----- AVAILABLE DATA

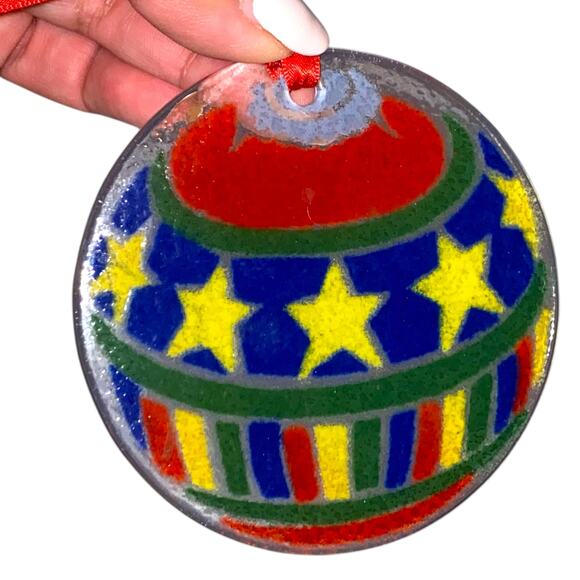 Peggy Karr Christmas Ornament Ball Stars Bars Fused Glass Holiday - Picture 3 of 12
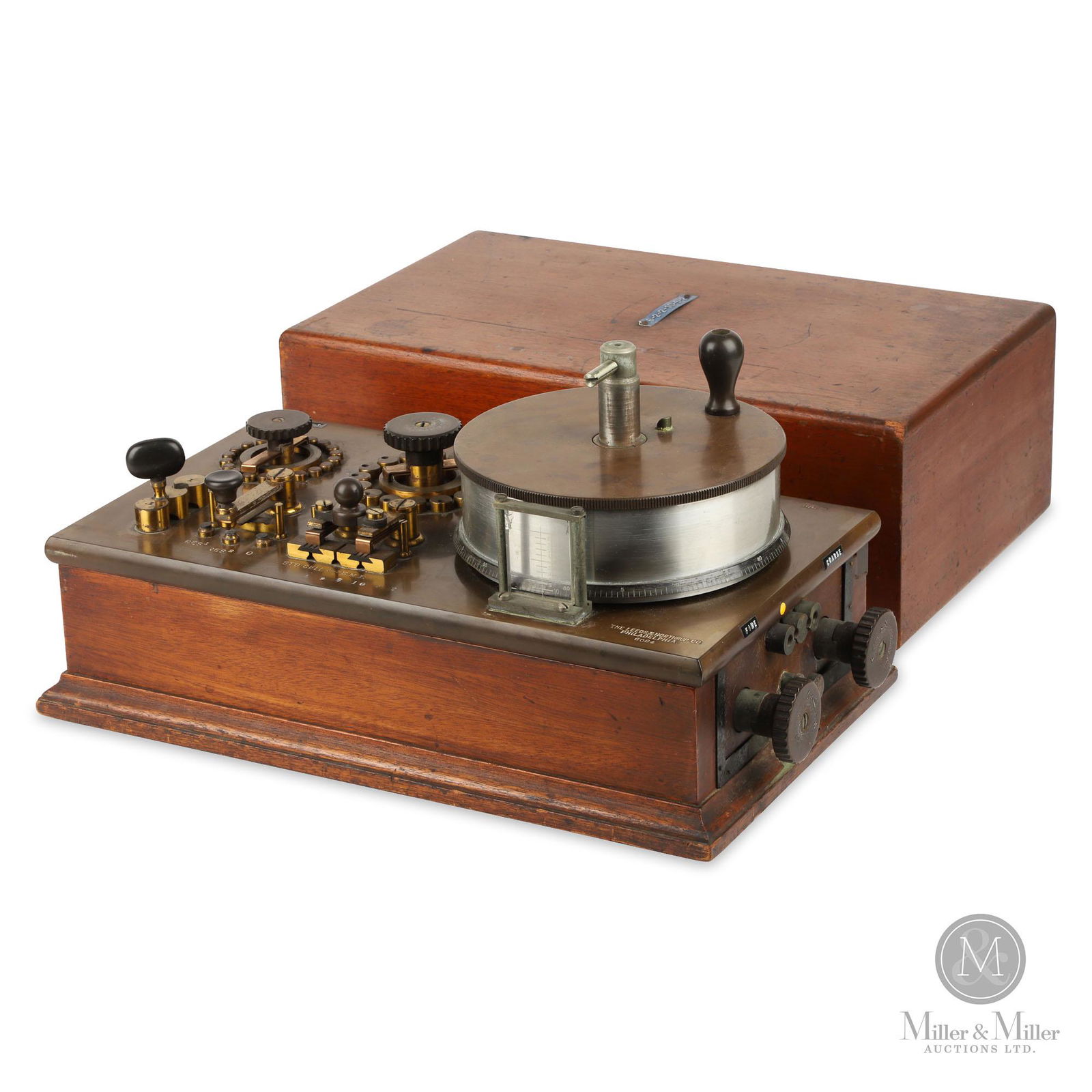 Leeds & Northrup Potentiometer: American. 1920s. Wood case with brass and bakelite components. A potentiometer is a three-terminal resistor with a sliding or rotating contact that forms an adjustable voltage divider. Marked, "The Le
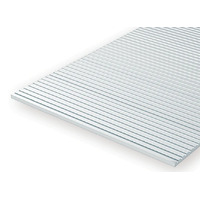 STYRENE FREIGHT CAR SIDING. 1mm x 150mm x 300mm.  GROOVE SPACING: .95MM 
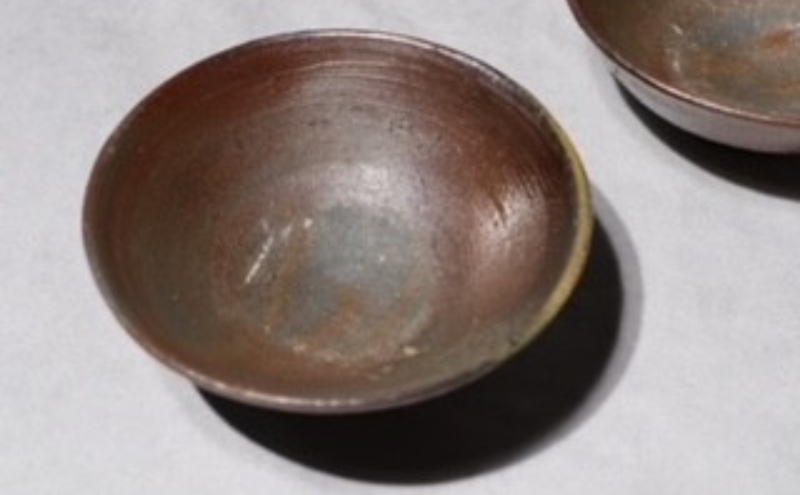 あんじ窯 陶　井口の（ペア）備前茶碗 口径13cm 高さ4.5cm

----------

Repeat the listing exactly, pictures excluded.

 Peggy Karr Christmas Ornament Ball Stars Bars Fused Glass Holiday - Picture 3 of 12
 Leeds & Northrup Potentiometer: American. 1920s. Wood case with brass and bakelite components. A potentiometer is a three-terminal resistor with a sliding or rotating contact that forms an adjustable voltage divider. Marked, "The Le
 STYRENE FREIGHT CAR SIDING. 1mm x 150mm x 300mm.  GROOVE SPACING: .95MM 
 あんじ窯 陶　井口の（ペア）備前茶碗 口径13cm 高さ4.5cm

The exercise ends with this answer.